*** Opening of DATA SHOWN ***

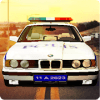 Police Simulator 2官方版免费下载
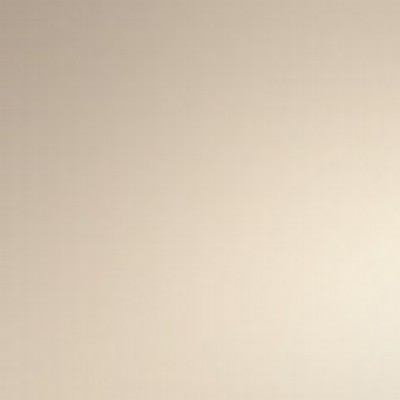 Напольная вешалка В 28Н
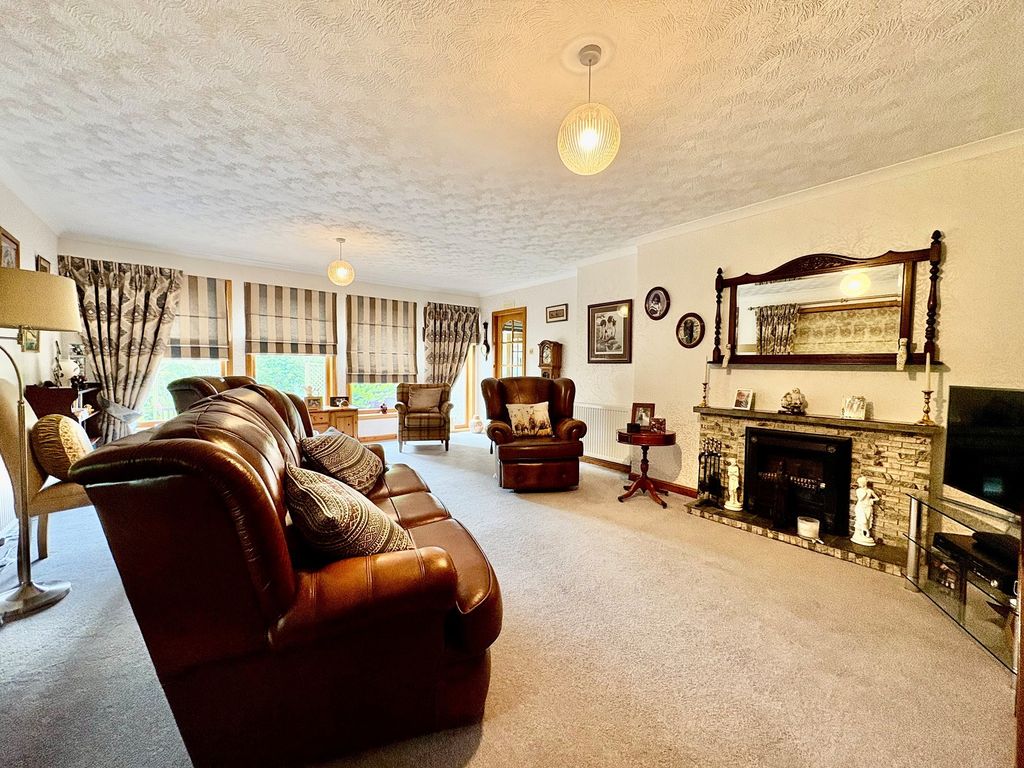 Property photo 2 of 38 Not Specified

*** Close of DATA SHOWN ***

#### EXERCISE INSTRUCTIONS
The answer should contain every line of the material exactly as written and no pictures.

#### EXPECTED ANSWER
 Police Simulator 2官方版免费下载
 Напольная вешалка В 28Н
 Property photo 2 of 38 Not Specified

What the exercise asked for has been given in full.